Costa Rica is an interesting and beautiful place – Pura Vida (Pure Life) as they describe the country and people in it. Covering only 0.03% of the surface of our planet, or in US terms, a little smaller than the state of West Virginia, Costa Rica has approximately 6% of the world's bio-diversity. They got rid of their military and re-wrote the government system in 1948-9, making it one of America's’s earliest democracies, and their development is a success story for it. A good portion of the country is comprised of coastline, and they say that over a million tourist visit every year.

We have certainly met more tourists from the United States in Costa Rica than elsewhere on our trip, but our fellow country men are still travel shy compared to the Canadians and Europeans among others. I think it is a combination of the bad press Central America has had in our lifetimes as well as the aftermath of 9/11 and the current war more so than the car eating pot holes that had us wondering about our personal safety, but who can really tell.

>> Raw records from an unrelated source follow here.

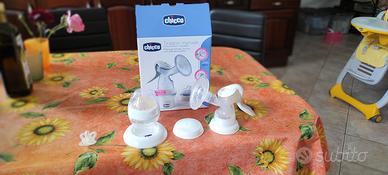 Tiralatte Chicco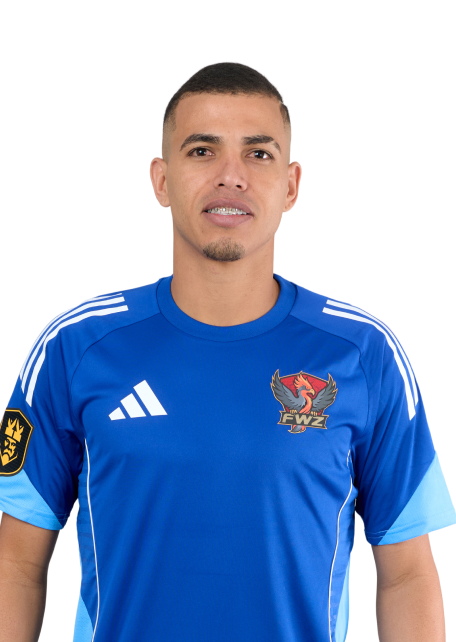 Jefferson 'Gegeu' Silva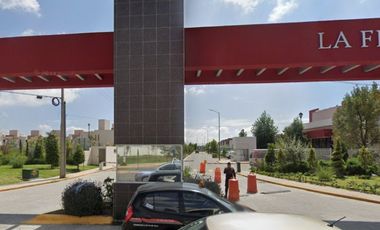 DEPARTAMENTO EN VENTA A 20 MIN DEL AEROPUERTO DE TOLUCA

The government policy of active neutrality has twice earned Costa Rica the nomination for the Nobel Peace Prize, although by walking around on the University campus yesterday it seems to be that this neutrality has not continued. The students are denouncing the government, a government without a military mind you, for its involvement. I cannot seem to find a list for The Coalition of the Willing, so I don’t know what Costa Rica’s official position is, but I do know that if you google search The Coalition of the Willing you get some pretty funny stuff.

I wrote last from the town of Santa Elena, near the Monteverde cloud forest reserve. The tour with the Biologist / DEA agent was great, as much for all the birds we finally identified as for her bust em up DEA stories. We learned that a cloud forest is a rain forest with more clouds and less rain – technical stuff.

This particular cheese factory is a must do in most of your lifetimes (I speak here to the cheese fanatics, which includes most people I know). It was founded by a settlement of Quakers who left the United States in the 1950’s with their Holstein cows to avoid the Korean War. They drove the cows overland and settled in the most remote place they could find, a place with no roads or infrastructure. They then found that their cows produced much more milk than they needed, and that they had no way to transport the fresh milk from the farthest place they could find to a market., so they commenced with making cheese. Many of the people you encounter in Santa Elena are members of these original Quaker families. The cheese factory is a cooperative and almost every family in the region participates by putting their full milk canisters on the road side every day for pick up, and receiving cooperative funds for the quantity of milk they produced. They have almost as many kinds of cheese as Fresh Fields, and the best ice cream I have ever had. It helps that they can pick their Macadamia nuts fresh off of the trees, and break open the cocoa plants in the forest.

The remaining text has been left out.